Il lavoro da remoto può ridurre traffico, inquinamento e consumi energetici, ma non può essere considerato una leva “green” in sé, in quanto i benefici dipendono da variabili come le abitudini di consumo e l’efficienza energetica dei mezzi di trasporto e dei luoghi in cui si svolge l’attività. È quanto emerge da un recente studio curato da alcuni ricercatori ENEA

 

Il risparmio di energia legato alle nuove forme di organizzazione flessibile del lavoro è altamente variabile, in quanto influiscono - oltre alle modalità di spostamento e ai mezzi utilizzati - il numero dei giorni in cui si lavora da remoto, l’efficienza energetica di edifici, impianti e dispositivi, l’uso ottimizzato delle tecnologie digitali e, da non trascurare, anche le abitudini comportamentali e di occupazione degli spazi. Il lavoro da remoto potrebbe innescare un circolo virtuoso, stimolando una maggiore consapevolezza sui consumi energetici, promuovendo interventi di riqualificazione sostenibile degli edifici e rafforzando l’efficacia delle politiche pubbliche per l’efficientamento energetico del patrimonio abitativo.

 

Sono stati analizzati studi che hanno rilevato una riduzione dei consumi principalmente correlata al numero di giorni di lavoro da remoto (almeno 3 alla settimana) mentre  in altri scenari, si è riscontrato che i consumi complessivi possono addirittura aumentare.

 

Ad esempio, secondo un’indagine su circa 2mila dipendenti in telelavoro della pubblica amministrazione in quattro città italiane (Bologna, Roma, Trento e Torino) -  una delle più complete indagini empiriche sulle abitudini di mobilità in Italia, che stima l’impatto su consumi ed emissioni degli spostamenti in regime di telelavoro - è emerso che, in media, prima dell’adozione del telelavoro il campione percorreva circa 30 km al giorno per recarsi in ufficio, con un tempo medio di viaggio di 1 ora e 20 minuti. Una quota significativa – circa il 12% – affrontava tragitti particolarmente lunghi, superiori ai 100 km al giorno. Roma si distingueva come il caso più critico, con un tragitto medio di 2 ore, probabilmente a causa di distanze maggiori e di una grave congestione del traffico. Prima dell’adozione del lavoro da remoto, i veicoli privati dominavano i modelli di spostamento, con il 47% del campione che utilizzava l’auto.
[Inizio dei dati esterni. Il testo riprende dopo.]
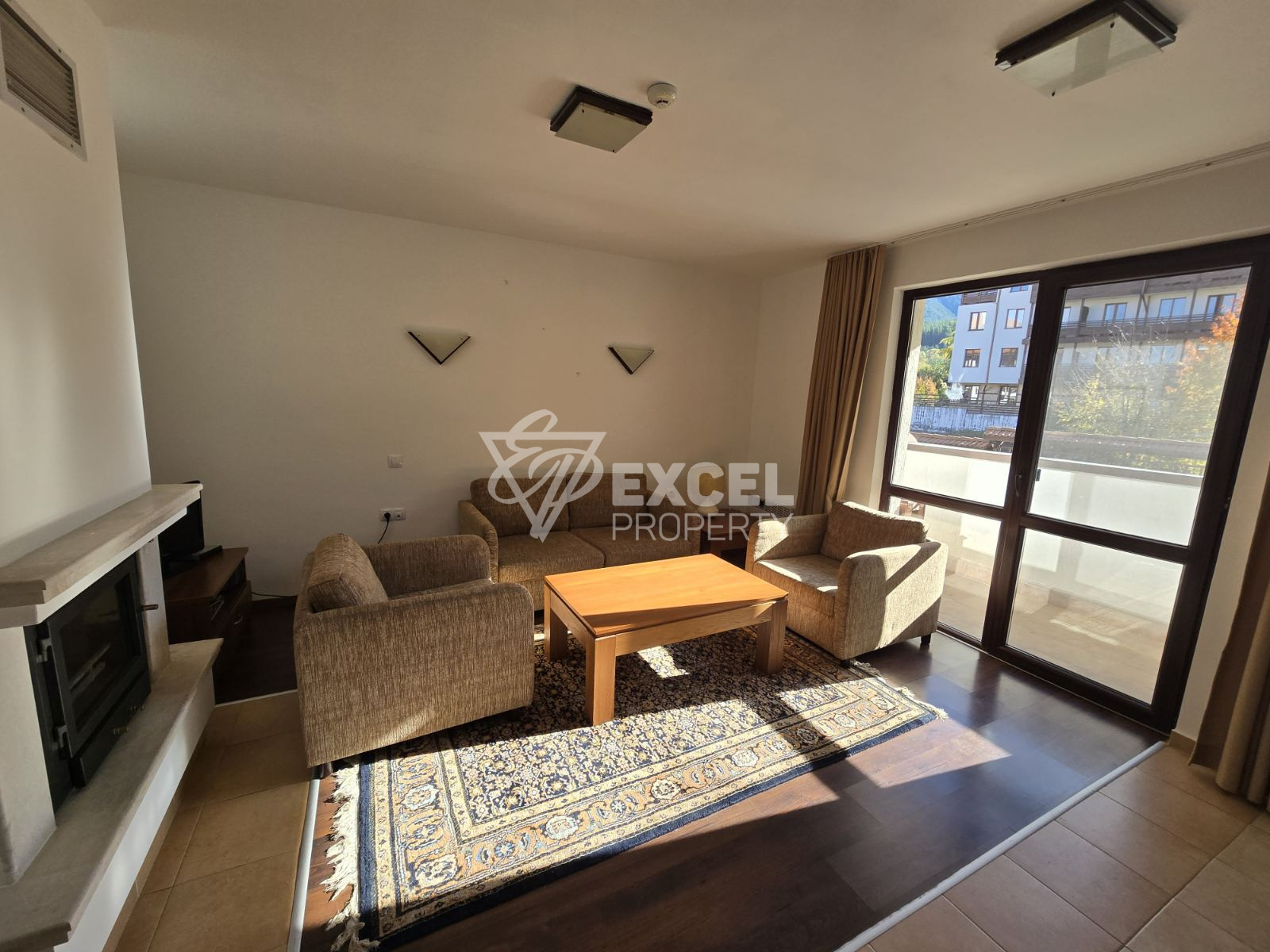 One-bedroom apartment with south exposure in the year-round complex Winslow Infinity, Bansko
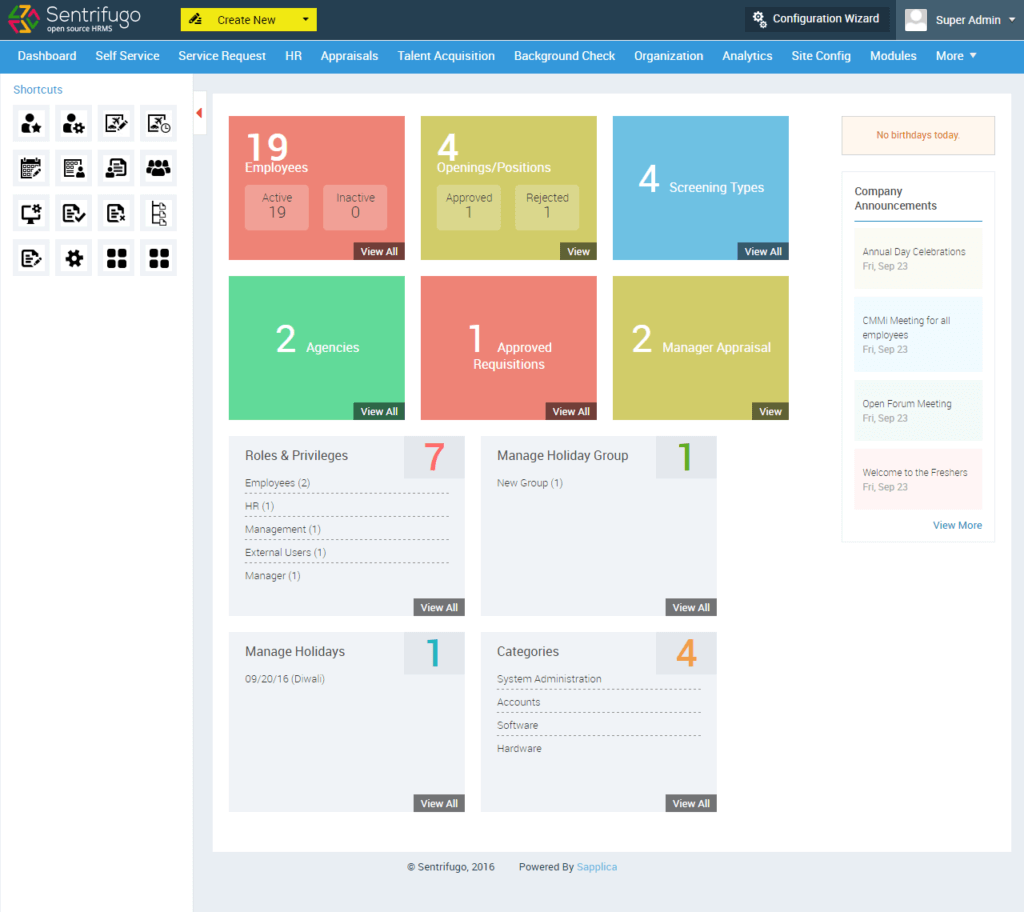 4 Best Free Human Resource Management Tools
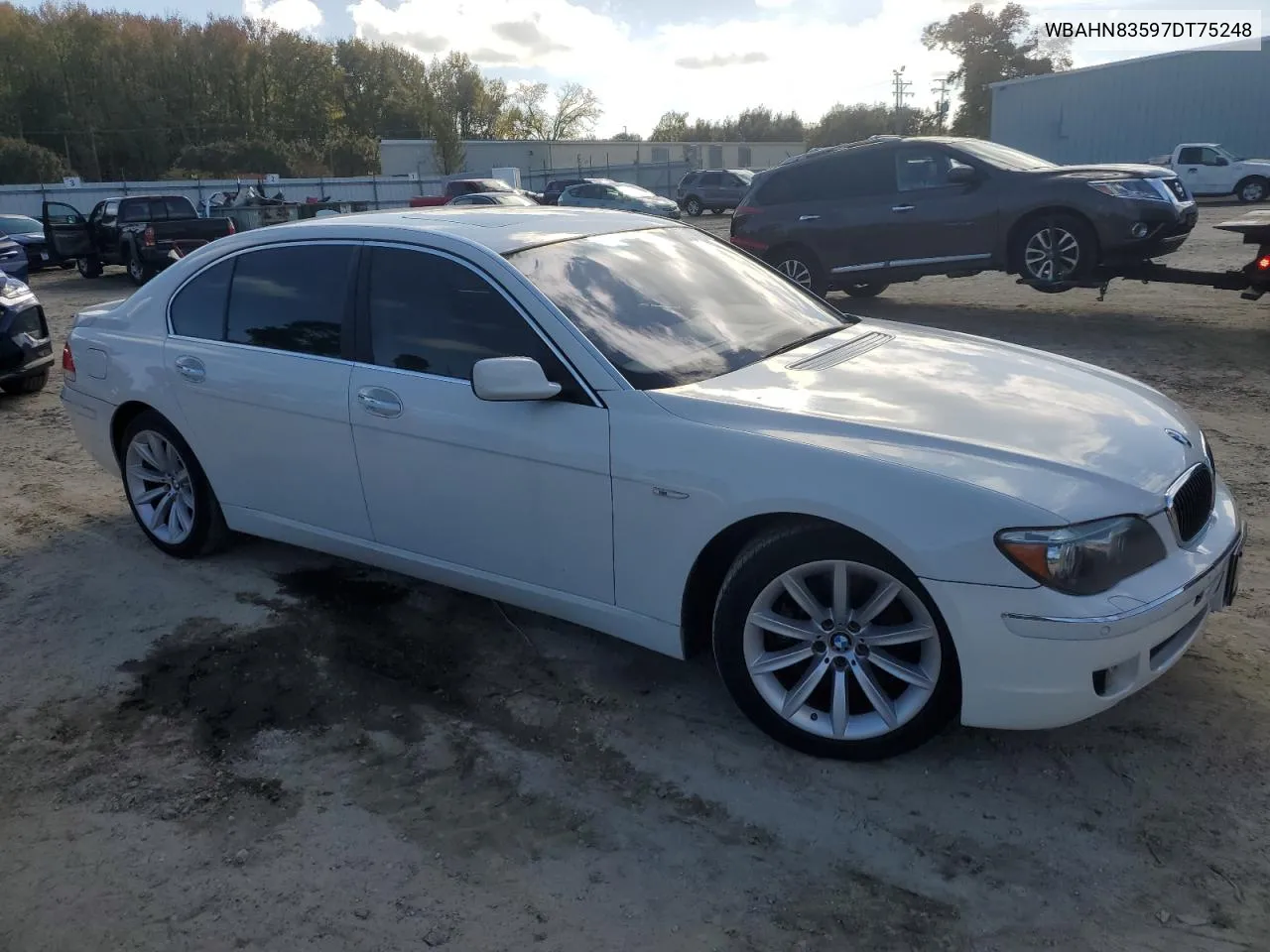 2007 BMW 750 VIN: WBAHN83597DT75248 Lot: 76014024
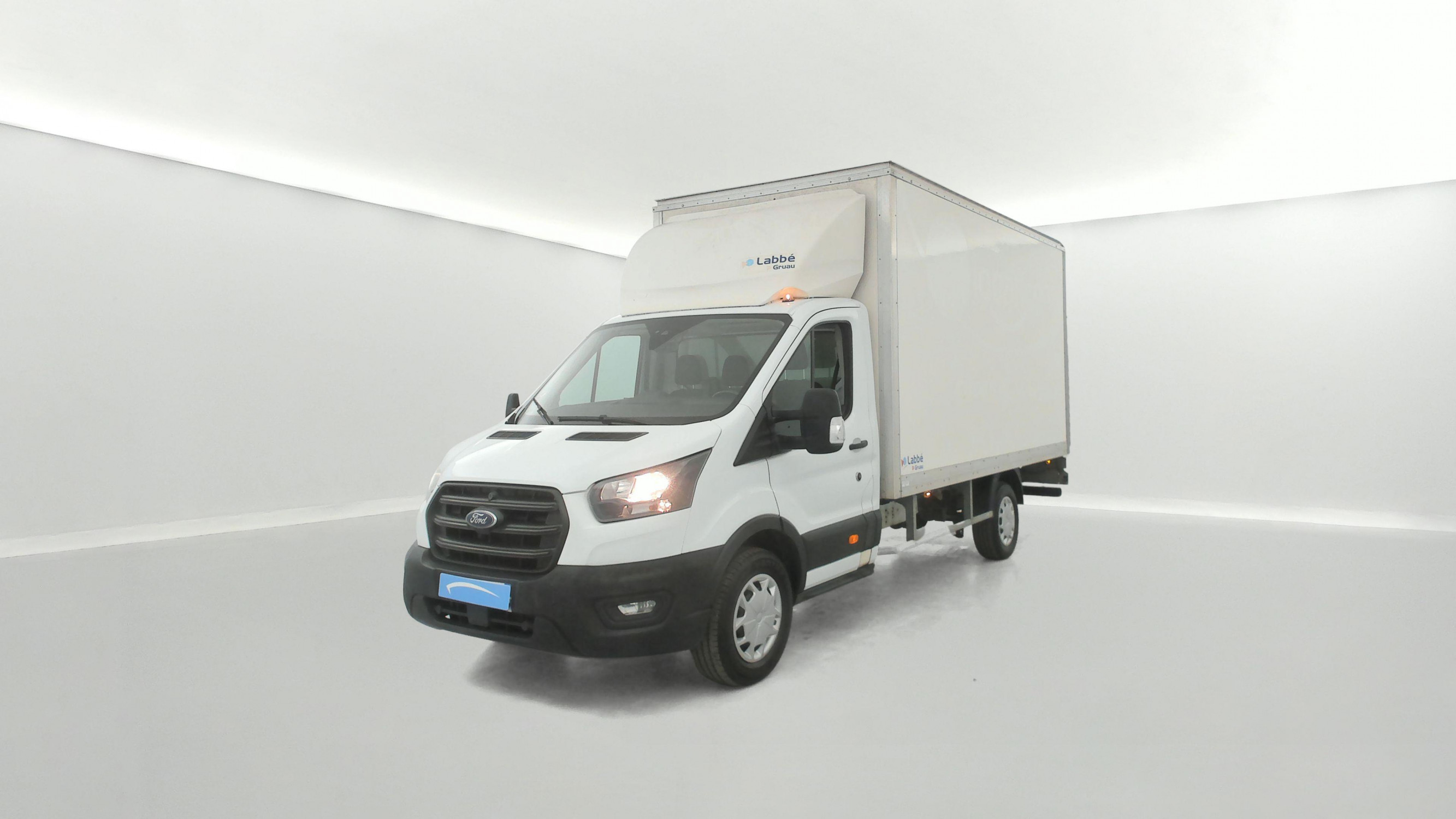 Ford Transit TRANSIT GRAND VOLUME 20M3 + HAYON ELEVATEUR 2.0L 130CH PROPULSION occasion de 2022 en vente à Coutances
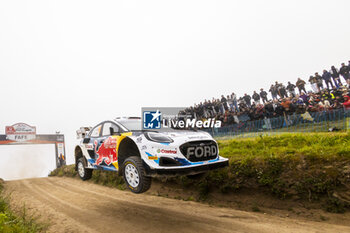 2024-05-12 - 16 FOURMAUX Adrien, CORIA Alexandre, Ford Puma Rally1, action during the Rally de Portugal 2024, 5th round of the 2024 WRC World Rally Car Championship, from May 9 to 12, 2024 at Matoshinhos, Portugal - AUTO - WRC - RALLY DE PORTUGAL 2024 - RALLY - MOTORS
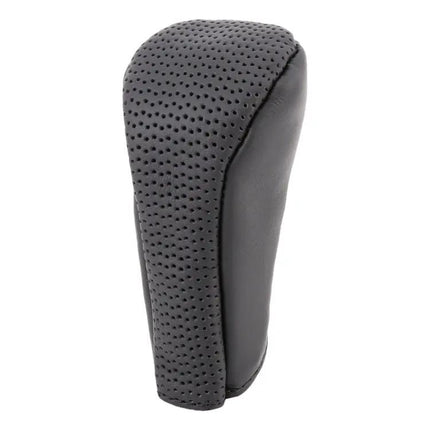 Genuine Leather Nonslip Cover for Car Gear Shift Knobs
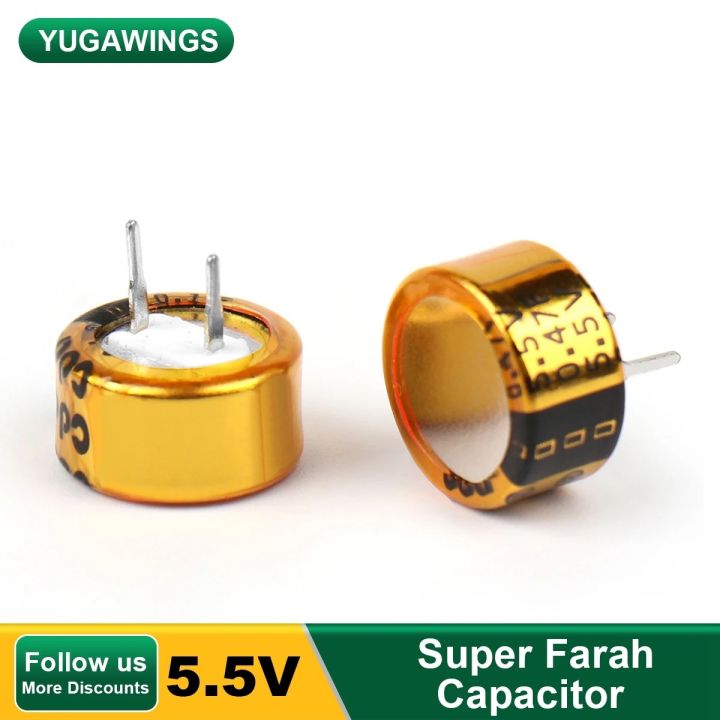 5.5V Supercapacitor Vehicle Traveling Data Double Layer Capacitor Recorder C/V/H-Type 5.5V Farah Super Capacitor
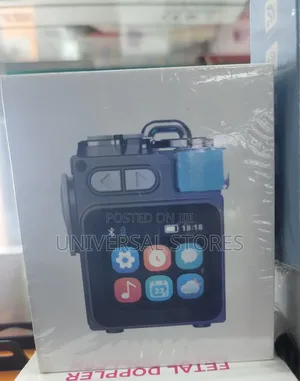 Mini Wireless Bluetooth Speaker with Touch Screen & RGB Lights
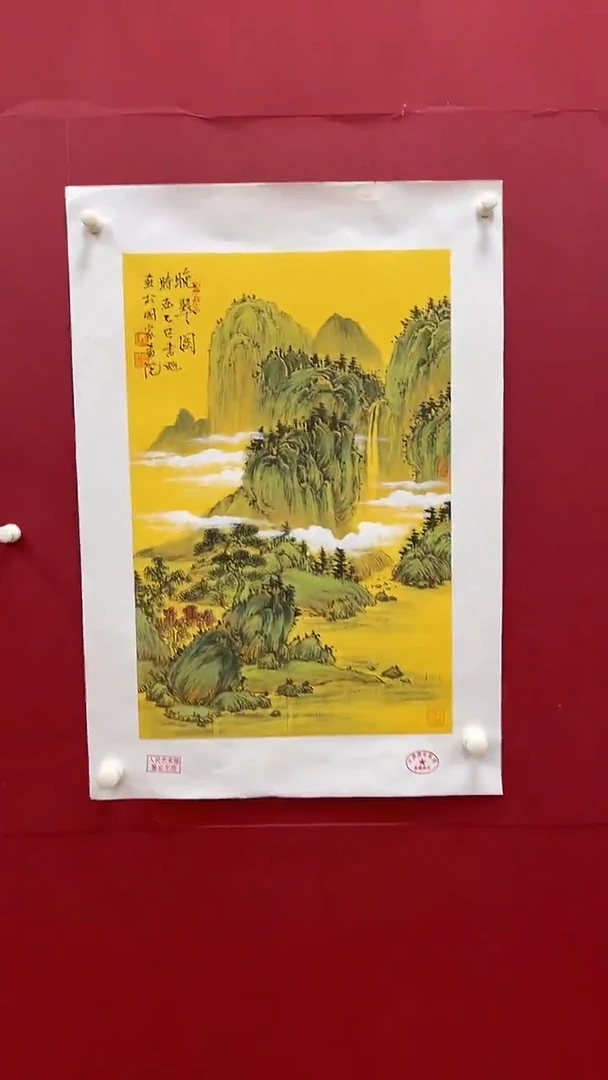 国画书魁-绘画作品-3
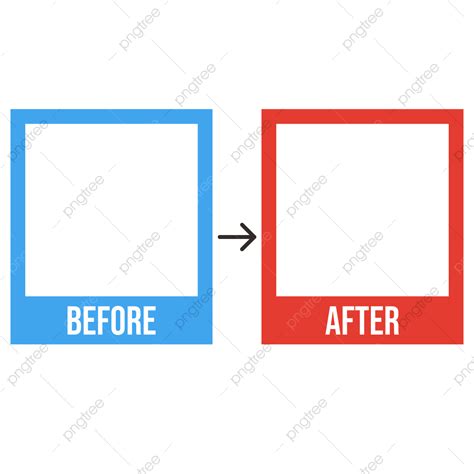 Before And After Design Element Before And After Comparison Before And After Comparison Png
In media, il lavoro da remoto per 2,1 giorni a settimana ha comportato un risparmio giornaliero di 6 kg di emissioni di CO₂ e di 85 MJ di carburante per lavoratore (pari a 260 litri di benzina o 237 litri di gasolio). Su un anno lavorativo standard di 48 settimane, ogni telelavoratore ha risparmiato quindi circa 600 kg di CO₂ e 8,6 GJ di carburante. Le riduzioni delle emissioni più significative si sono verificate in città come Roma, dove i tragitti sono in media più lunghi e l’uso del trasporto privato è prevalente. Lo studio ha anche evidenziato un effetto rimbalzo limitato però a un incremento della mobilità di quartiere.

 

La maggior parte degli studi finora pubblicati si basa su analisi di casi specifici che riflettono l’eccezionale variabilità dei contesti sociali, economici e ambientali e non offrono conclusioni generalizzabili. Quantificare gli effetti netti del lavoro da remoto in termini di consumi di energia ed emissioni rimane una sfida ancora aperta e oggi più che mai urgente, vista la portata delle implicazioni collettive, ed è per questo che il piano di analisi e di intervento non deve limitarsi all’azienda o ai comportamenti individuali, ma deve abbracciare l’organizzazione delle città nel loro insieme.